▶ SUPPLIED INFORMATION
○ ○ ○ ○ ○ ○ ○

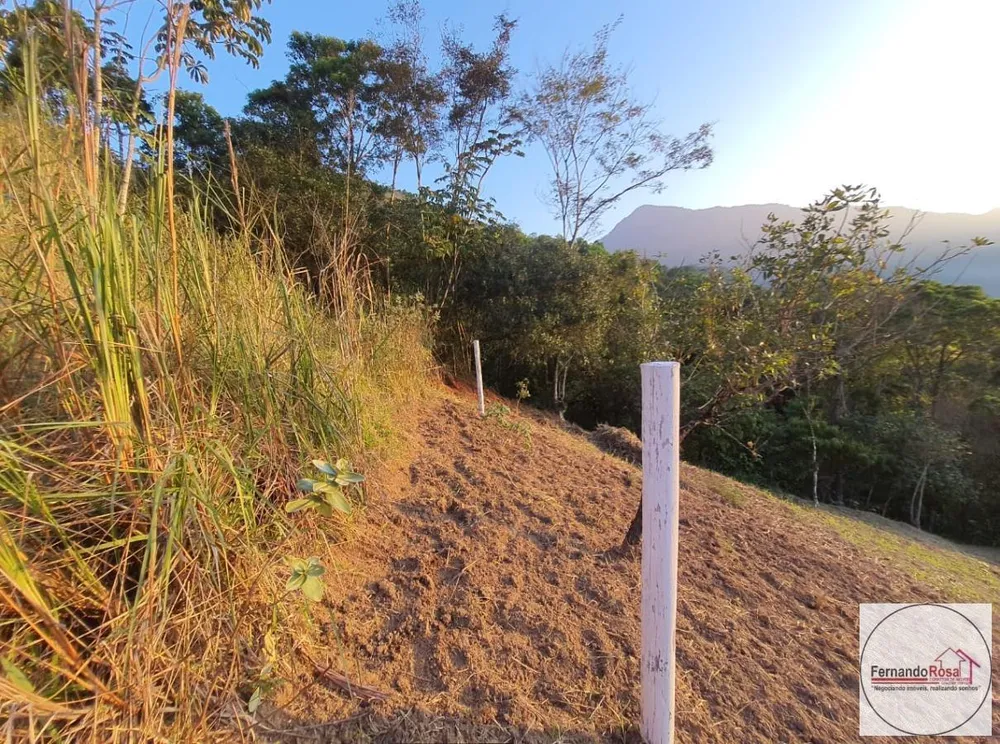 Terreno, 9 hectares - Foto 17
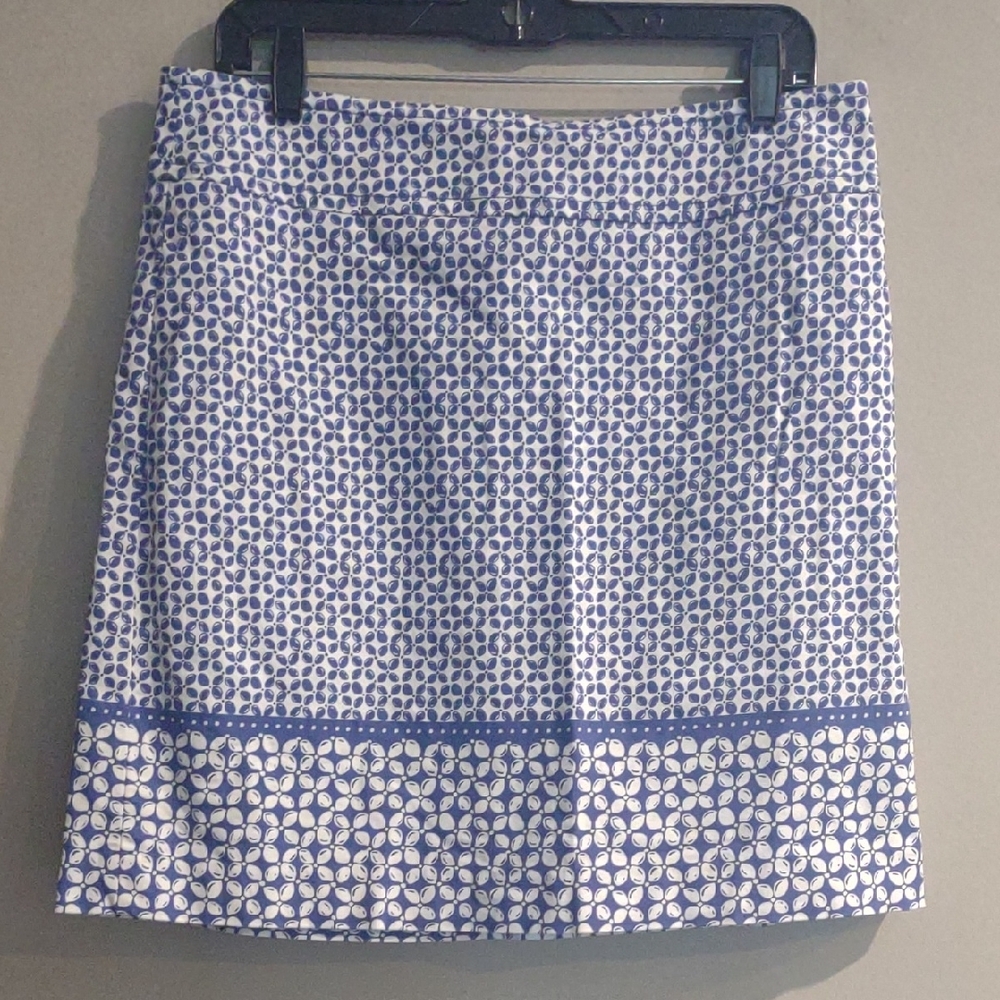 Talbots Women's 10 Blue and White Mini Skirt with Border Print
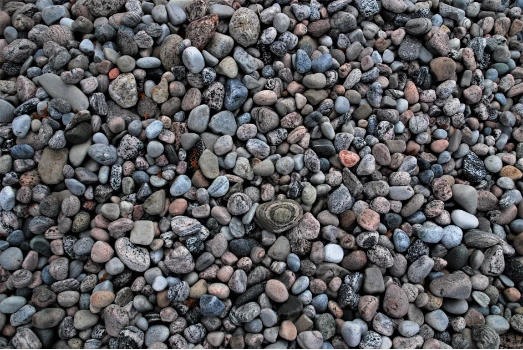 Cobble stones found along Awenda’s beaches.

○ ○ ○ ○ ○ ○ ○

▶ REQUIRED WORK
Write out the listing above exactly as it stands, pictures excluded.

▶ EXERCISE ANSWER
 Terreno, 9 hectares - Foto 17
 Talbots Women's 10 Blue and White Mini Skirt with Border Print
 Cobble stones found along Awenda’s beaches.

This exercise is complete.